Football
Ian Murray: From lone Scottish Labour MP to Scottish secretary
Ian Murray, who was twice Labour’s only MP in Scotland, has been appointed as secretary of state for Scotland.
Mr Murray is one of 37 Labour MPs returned north of the border following a UK-wide landslide for Sir Keir Starmer’s party.
One seat, in Inverness, Skye and West Ross-shire, is yet to be declared due to a recount.
Speaking to BBC Radio’s Good Morning Scotland programme, Mr Murray said that to go back to Westminster with 38 MPs was “well-beyond their wildest dreams”.
The Edinburgh South MP said his priority as Scottish secretary would be economic growth, creating jobs and reducing poverty.
He added he was “determined to reset the relationship” between Westminster and Holyrood.
Aged just 33, Mr Murray entered parliament as a Labour MP for Edinburgh South just as the Conservatives were sweeping into power in 2010.
He was left as Scotland’s only Labour MP in 2015 after retaining his seat in the face of an SNP landslide.
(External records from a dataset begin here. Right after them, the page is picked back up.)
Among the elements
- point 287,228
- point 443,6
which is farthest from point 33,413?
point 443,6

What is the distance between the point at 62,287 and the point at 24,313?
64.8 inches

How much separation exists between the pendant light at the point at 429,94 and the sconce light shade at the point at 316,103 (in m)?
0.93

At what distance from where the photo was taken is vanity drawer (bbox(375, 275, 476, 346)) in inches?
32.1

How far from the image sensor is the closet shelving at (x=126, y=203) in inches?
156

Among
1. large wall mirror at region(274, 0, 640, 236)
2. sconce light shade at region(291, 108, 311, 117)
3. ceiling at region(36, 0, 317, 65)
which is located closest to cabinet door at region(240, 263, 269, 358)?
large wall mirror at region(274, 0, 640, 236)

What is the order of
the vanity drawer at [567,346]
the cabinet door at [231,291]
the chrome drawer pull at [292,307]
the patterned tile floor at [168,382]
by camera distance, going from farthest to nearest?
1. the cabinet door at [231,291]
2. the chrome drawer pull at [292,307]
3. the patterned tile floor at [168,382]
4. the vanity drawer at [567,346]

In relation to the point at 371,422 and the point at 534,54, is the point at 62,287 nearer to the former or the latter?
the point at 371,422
Scottish Labour lost 40 of its 41 seats in that general election.
In the 2017 election Mr Murray increased his majority as Scottish Labour increased its representation to seven.
He was again left as the party’s sole MP north of the border in 2019. It was only in October 2023 that he gained a Scottish colleague – when Michael Shanks won the Rutherglen and Hamilton West by-election.
He twice served as shadow Scottish secretary, quitting the post in 2016 in protest over Jeremy Corbyn’s leadership. He was reappointed by Keir Starmer in 2020.
Previously, he had served as a councillor between 2003 and 2010 for the Liberton and Gilmerton ward in Edinburgh and went on to win fans across the capital when he led the campaign to save Hearts Football Club from administration as the chairman of the supporters group.
Mr Murray was born to a cooper father and shop worker mother in August 1976.
Brought up in the Wester Hailes area of Edinburgh, he went to Dumbryden primary school, then Wester Hailes Education Centre.
Mr Murray studied social policy and law at Edinburgh University and graduated with an honours degree at the age of 20.
He worked to fund his studies with a part-time job in a local fish and chip shop, where he then set up and ran a pizza delivery service.
After graduating in 1997, Mr Murray worked in financial services before setting up an internet television station.
He then started his own event management business running large festival events. He has also owned a small bar and hotel business, running several premises.